BÉATRICE. – J’aimerais mieux en avoir un de la main de votre père. Votre Altesse n’aurait-elle point un frère qui lui ressemble? Votre père faisait d’excellents maris… si une pauvre fille pouvait atteindre jusqu’à eux.

DON PÈDRE. – Voudriez-vous de moi, madame?

BÉATRICE. – Non, monseigneur, à moins d’en avoir un second pour les jours ouvrables. Votre Altesse est d’un trop grand prix pour qu’on s’en serve tous les jours; mais je vous prie, pardonnez-moi, je suis née pour dire toujours des folies qui n’ont point de fond.

DON PÈDRE. – Votre silence seul me blesse. La gaieté est ce qui vous sied le mieux. Sans aucun doute, vous êtes née dans une heure joyeuse.
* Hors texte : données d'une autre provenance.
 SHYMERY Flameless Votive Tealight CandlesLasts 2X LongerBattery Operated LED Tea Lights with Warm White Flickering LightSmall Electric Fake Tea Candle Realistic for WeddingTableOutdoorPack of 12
BÉATRICE. – Non sûrement, seigneur, ma mère criait, mais une étoile dansait alors, et je naquis sous son aspect. – Cousins, que Dieu vous donne le bonheur!

LÉONATO. – Ma nièce, voulez-vous voir à cette chose dont je vous ai parlé?
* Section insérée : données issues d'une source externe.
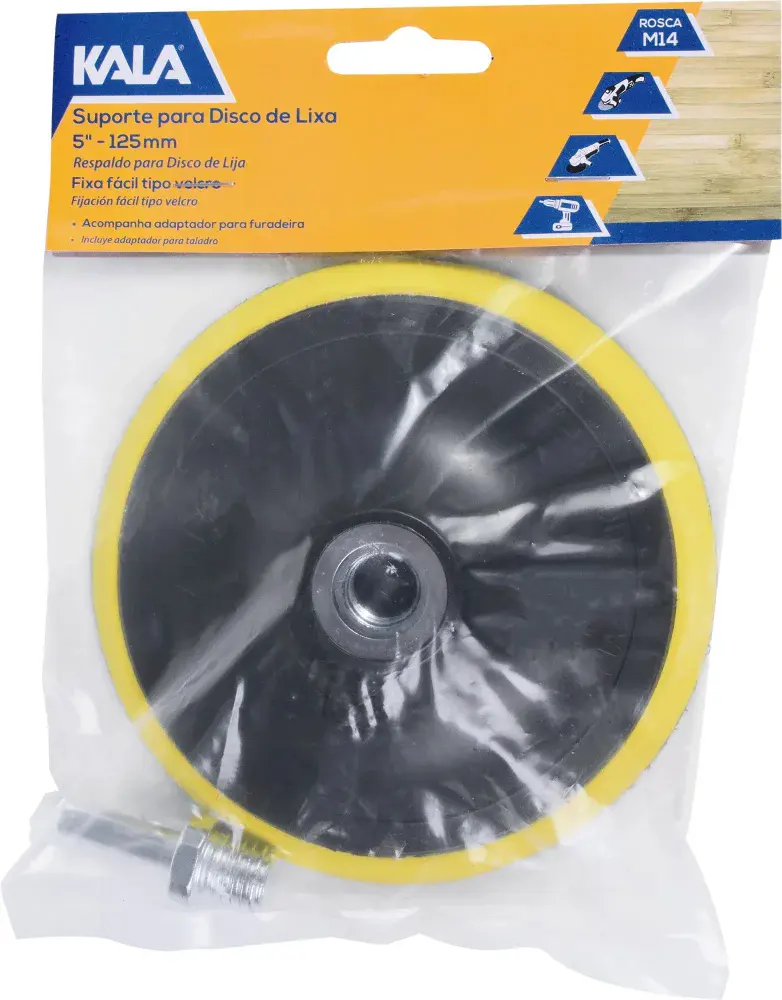 Suporte para disco lixa M14 velcro 5”-125MM Kala — fotografia 8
BÉATRICE. – Ah! je vous demande pardon, mon oncle; avec la permission de Votre Altesse.

(Elle sort.)

DON PÈDRE. – Voilà sans contredit une femme enjouée.

LÉONATO. – Il est vrai, seigneur, que la mélancolie est un élément qui domine peu chez elle; elle n’est sérieuse que quand elle dort, encore pas toujours. J’ai ouï dire à ma fille que Béatrice rêvait à des malheurs et se réveillait à force de rire.
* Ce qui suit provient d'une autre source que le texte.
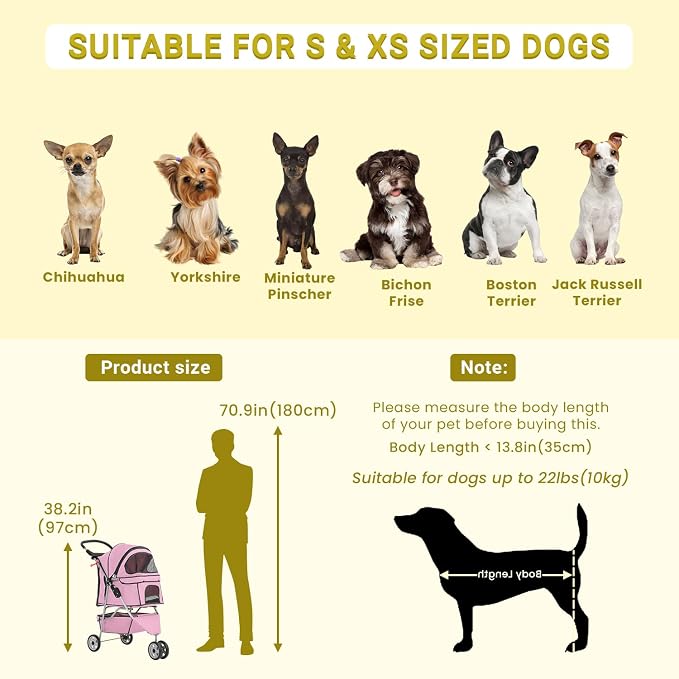 3-Wheels Pet Strolling Cart for Small Medium Dogs and Cats with Storage Basket,Holder, Foldable Pet Stroller with Waterproof Cover, Breathable Mesh for All-Season, Pink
DON PÈDRE. – Elle ne peut souffrir qu’on lui parle d’un mari.

LÉONATO. – Oh! du tout. Elle décourage tous les aspirants par ses railleries.

DON PÈDRE. – Ce serait une femme parfaite pour Bénédick.

LÉONATO. – Ah! Seigneur! s’ils étaient mariés, monseigneur, seulement huit jours, ils deviendraient fous à force de parler.

DON PÈDRE. – Comte Claudio, quand vous proposez-vous d’aller à l’église?

CLAUDIO. – Demain, seigneur: le temps se traîne sur des béquilles jusqu’à ce que l’Amour ait vu ses rites accomplis.

LÉONATO. – Pas avant lundi, mon cher fils. C’est juste dans huit jours, et le temps est déjà trop court.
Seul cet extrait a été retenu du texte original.